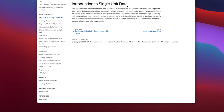Hello and welcome back to Neural Data Science. I'm Professor Aaron Newman. Today we're going to be learning about single unit data and spike trains. This chapter introduces data obtained from recordings of individual neurons, which we typically call single unit data, the units being neurons. Single unit data is typically analyzed in terms of spike trains, sequences of action potentials. We will learn how spike trains can be represented as data and some ways of working with and visualizing them, as well as working with numpy arrays and complex figures with multiple subplots, and further discussion of the use of color in scientific visualization.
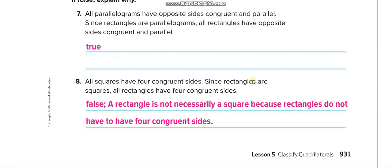True or false: since rectangles are squares. No — rectangles are not squares, because all squares have four congruent sides, but rectangles only have opposite sides of the same length. So you will write false. A rectangle is not necessarily a square because rectangles do not have to have four congruent sides.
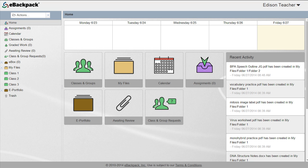In this tutorial you will learn how to create an assignment and distribute work to your students in eBackpack. All assignment folders indicate that there is work for your students to complete.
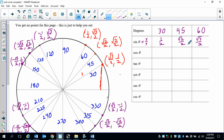Cosine is going to go in the opposite order. So square root of 3 over 2, square root of 2 over 2, and then one half. That might be a little trick to help you.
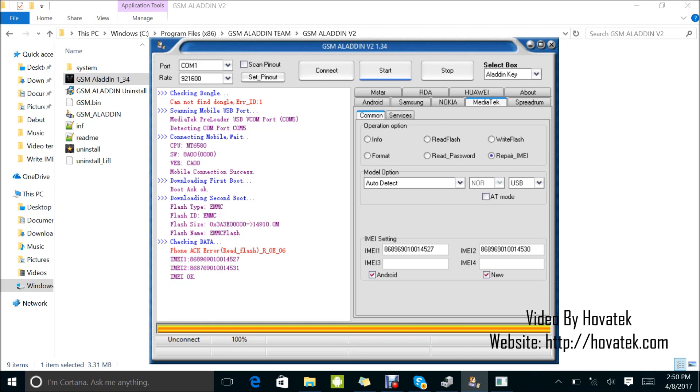So that's how to write IMEI to a Mediatek Android device using GSM Aladdin Box.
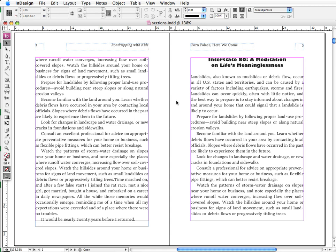Today we're going to have a very short and sweet tutorial about a feature introduced in InDesign CS3 that I think just about everyone who works in InDesign will find very useful.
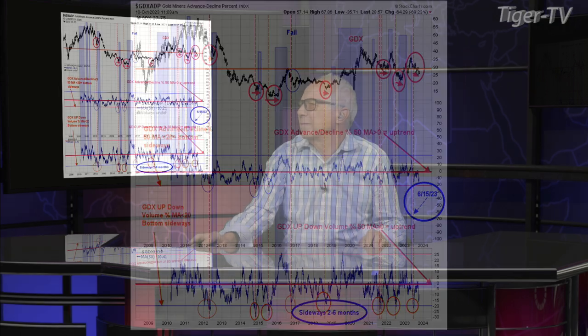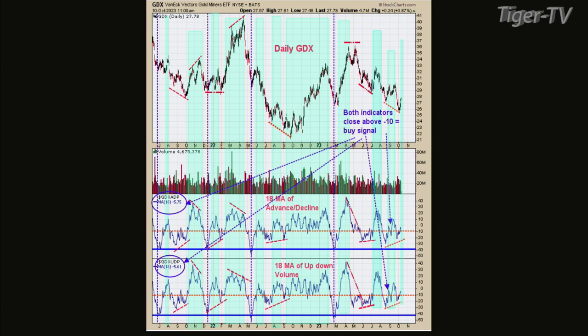Let's go to one more chart — chart seven. This is a shorter-term time frame: the 18-day average of the up-down volume advance-decline indicator. All the blue area shows times when this indicator is above minus 10 — when it's above minus 10, you're usually in an uptrend. We're coming in around minus five, minus six right now, but it needs to stay above minus 10 for the uptrend to continue. This indicator is good at showing divergences — on GDX, we hit a low in August and a lower low in early October, but both indicators in the bottom two windows made higher lows.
┄┄┄┄┄┄
- How to complete this task -
What you should repeat exactly is the run of lines from the top of the listing above through the line with "True or false: since", without pictures.

- Reply -
Hello and welcome back to Neural Data Science. I'm Professor Aaron Newman. Today we're going to be learning about single unit data and spike trains. This chapter introduces data obtained from recordings of individual neurons, which we typically call single unit data, the units being neurons. Single unit data is typically analyzed in terms of spike trains, sequences of action potentials. We will learn how spike trains can be represented as data and some ways of working with and visualizing them, as well as working with numpy arrays and complex figures with multiple subplots, and further discussion of the use of color in scientific visualization.
True or false: since rectangles are squares. No — rectangles are not squares, because all squares have four congruent sides, but rectangles only have opposite sides of the same length. So you will write false. A rectangle is not necessarily a square because rectangles do not have to have four congruent sides.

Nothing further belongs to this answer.